First and foremost, a single administrative and authoritative body is needed to create the library or at minimum give its stamp of approval from a clinical effectiveness perspective. In England, there is NHS Digital which has taken on that responsibility. In the US, the logical choice to fill this role would be the U.S. Federal Drug Administration (FDA).
However, the FDA is “taking a tailored, risk-based approach that focuses on the small subset of mobile apps that meet the regulatory definition of “device” and that:
- are intended to be used as an accessory to a regulated medical device, or
- transform a mobile platform into a regulated medical device.
Therefore, either the FDA needs to broaden its definition or there must be another agency that steps in and grants credibility. Since not one single organization has done that yet… patients are left on their own to decide whom to believe.
There is no library made available to patients to access and view recommendations or apps which have been approved for clinical uses. This has allowed for a number of publications which claim to contain “digital health apps you must have” or “the best digital health apps of (insert year)”. These sorts of articles and lists are published left and right by all types of entities, none of which has any medical authority – magazines, individuals’ blogs, journals, etc.

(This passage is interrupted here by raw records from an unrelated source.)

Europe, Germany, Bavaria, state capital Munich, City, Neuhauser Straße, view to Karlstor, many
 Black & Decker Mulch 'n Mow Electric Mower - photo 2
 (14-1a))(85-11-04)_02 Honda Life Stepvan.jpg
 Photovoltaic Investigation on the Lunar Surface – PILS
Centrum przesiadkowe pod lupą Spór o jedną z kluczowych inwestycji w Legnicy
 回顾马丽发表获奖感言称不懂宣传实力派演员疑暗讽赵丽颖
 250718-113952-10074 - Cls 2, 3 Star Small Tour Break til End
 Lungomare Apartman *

One of the biggest challenges is that each website, journal, blog, uses a different ranking methodology, and often it is undisclosed. Ultimately, the consumer remains in the dark as to whether the listed applications have paid for their “ranking” or to be featured in the given publication, or if there is a large sample of users surveyed, or if it is based on the “Apple App Store” or “Google Play Store” application quality rankings given by users. For example, Ranked health claims they evaluate apps based on “…clinical relevance, credibility, accuracy, and effectiveness, as well as usability and functionality, so that providers can recommend, and patient can use, condition-specific mobile apps with confidence.” Here you can find more about their approach: http://www.rankedhealth.com/approach/. Regardless, this is still a subjective method and can be flawed.
- To create “Digital Health App Prescriptions” there must be a central authority which evaluates, approves, and recommends apps based on factual clinical evidence almost as randomized control trials (RCTs) are used as evidence to grant approval for various medical treatments. (Stay tuned for the next blog post for further discussion on this topic: RCT methodology for approving Digital Health Apps.)
- We must be diligent as patients and especially as users of digital health apps. We must make ourselves aware of the possible biases that may be entangled in these types of rankings, etc. and also of any potential negative consequences that may result from using a given app. (Stay tuned for the next blog post for further discussion of this topic: Being good health app users and citizens.)
The “flawed methodology” and “information overload” challenges would not be problematic if the first two challenges are addressed and there is a central authority with a large enough scope to evaluate, rank, and publish digital health apps which doctors can prescribe or patients can feel assured they can use with larger benefits, and lesser side effects.
Who do you think should be the central authority to grant approval for digital health apps to enter the market? Do you think there should be a central authority, or is it better to have multiple sources of information, like today? Are there other major barriers to why it would be harder to create a “Digital Health App Library” in the US than in England?